Since 1969 over 1000 people have died in police custody. No police officer has ever been convicted for any of these deaths. INJUSTICE exposes and opposes this outrage. It is a call for justice by the families of the deceased. It is a voice the police are now trying to stop.
On 6th July 2001 at 6.30 p.m. INJUSTICE was due to be officially launched at the Metro Cinema in London. In the audience there were many relatives of people who had died in police custody. Some had traveled hundreds of miles for the viewing. The screening was the culmination of seven years of work and was to be the platform for the films national release later in the year. With a run already secured at the Ritzy Cinema and other cinemas to follow, INJUSTICE was breaking ground in putting feature length documentaries on the big screen. Apart from the international press present, there were diplomatic representatives from a number of embassies who were there to find out more about the human rights abuses that the film documents.
Reviews had been strong.
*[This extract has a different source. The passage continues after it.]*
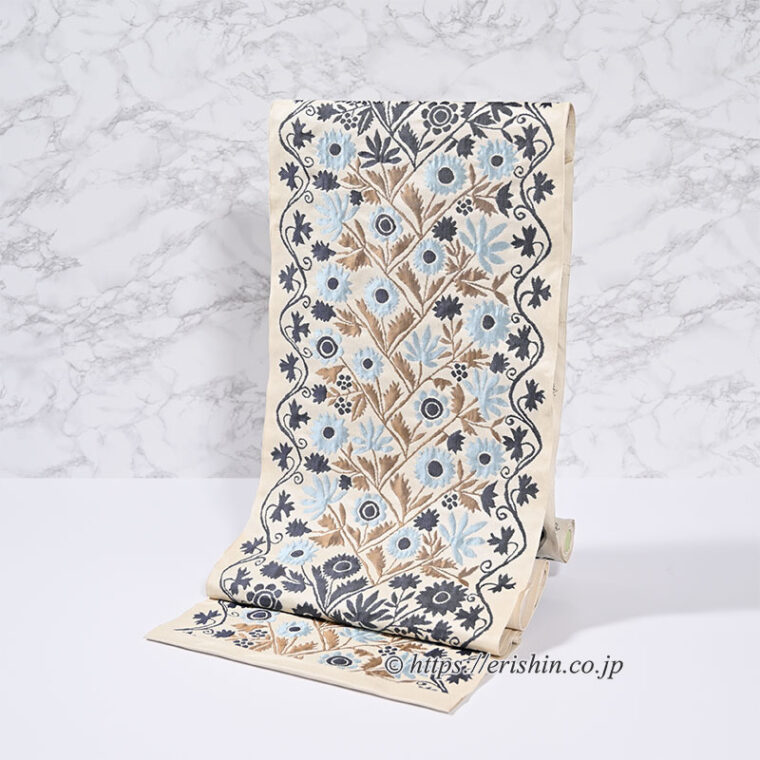 洛風林　九寸織名古屋帯（ウクライナ縫花文/白茶色）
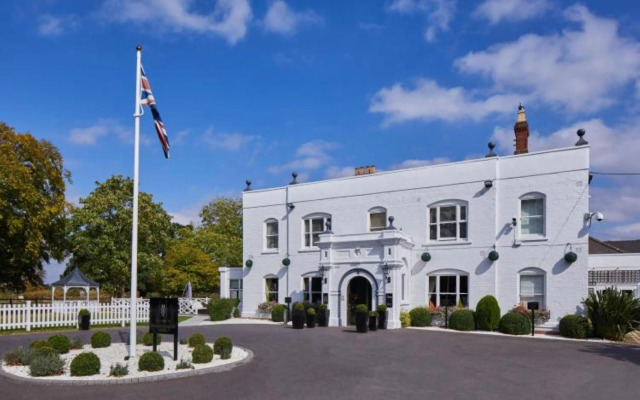 WorldHotels Distinctive Woughton House Hotel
The Guardian called it "one of the most despairing and powerful films ever made in this country". The Gleaner called it "moving and militant". On the week of the Metro launch the film received Critics Choice in Time Out which called it a "powerful polemical documentary". The ongoing press and television interest in the launch meant that outside the cinema, news crews from all over the world were holding interviews with the filmmakers and the families of those who had died. Many people were meeting for the first time, for some the evening was bringing back memories of how their brother, mother, sister or husband had died. Some of them would be seeing INJUSTICE for the first time so the atmosphere was charged. This was also to be a celebration, and a declaration to the world that the families would not stop fighting for justice.
The mood soon changed. At 8.11 p.m. the director of the Metro Cinema received a fax from the lawyers of two police officers. The solicitors threatened the cinema with a claim for substantial damages should it show INJUSTICE. They represented Police Officer Paul Harrison, who was involved in the death of Brian Douglas and Police Officer Stephen Highton, the custody officer when Ibrahim Sey was unlawfully killed. The letter from Russell, Jones & Walker to the Metro Cinema stated: " You should be aware that should your screening go ahead, our clients will have no hesitation in pursuing their rights against your company for very substantial damages that will be their only means of compensation and vindication." The Metro had to decide within minutes whether they should go ahead with the screening.
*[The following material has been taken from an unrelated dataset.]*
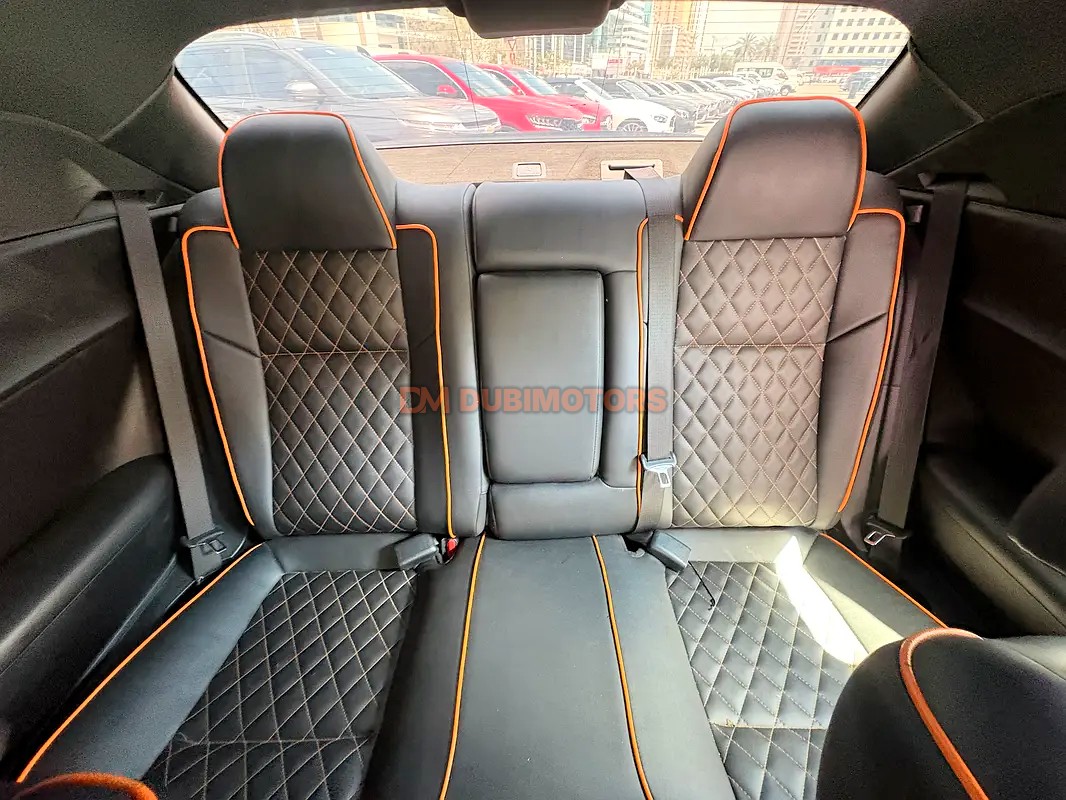 2021 Dodge Challenger R/T for Sale in Dubai, photo 11 of 14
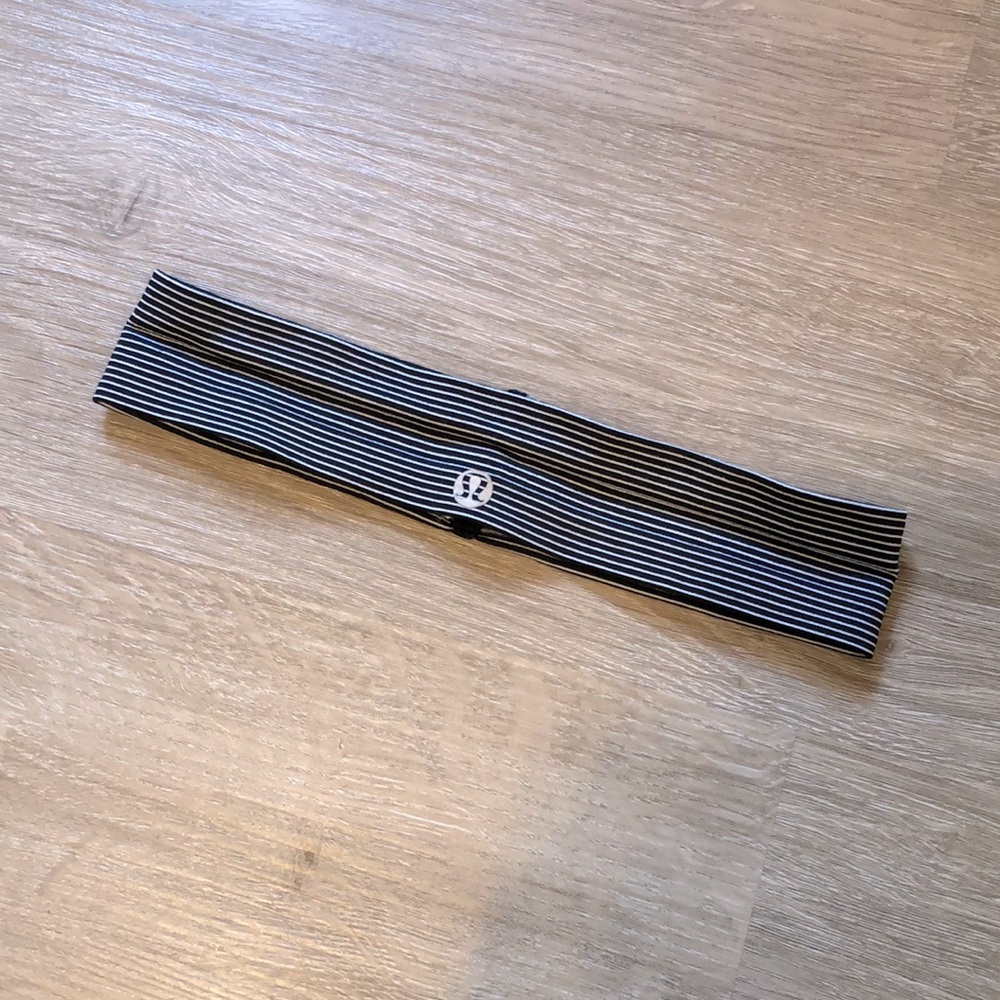 Lululemon striped headband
The decision was taken. In the cinema Eva Kirkhope, the director of the Metro stood before a stunned audience and read out the police solicitors letter. Some of the family members burst out crying in disbelief. Others in the audience demanded the cinema go ahead with the screening. Many of them had spent years fighting their case and at every step of the way police solicitors, the press office of the Metropolitan Police Service, the Police Complaints Authority and the Crown Prosecution had effectively gagged their voices. Now they were trying to do it again. The very heart of the film, that the officers responsible should be prosecuted for these deaths, was being threatened. Eva wanted to consult her lawyers but in views of lack of time it was not possible. She was a widow, trying to raise two children and the cinema was her livelihood. As such she could take no risk and pulled INJUSTICE. The film was under attack from the police. As filmmakers we went on national television and spoke about the appalling distress the actions of the police had caused the families that night. We also made the point that no matter how hard they tried the police could never suppress the film which had already gained international interest. As usual the police refused to comment. The next days headlines read: "Film Screening pulled after police legal threat" The Independent and "Death in Custody film halted by police action" The Guardian.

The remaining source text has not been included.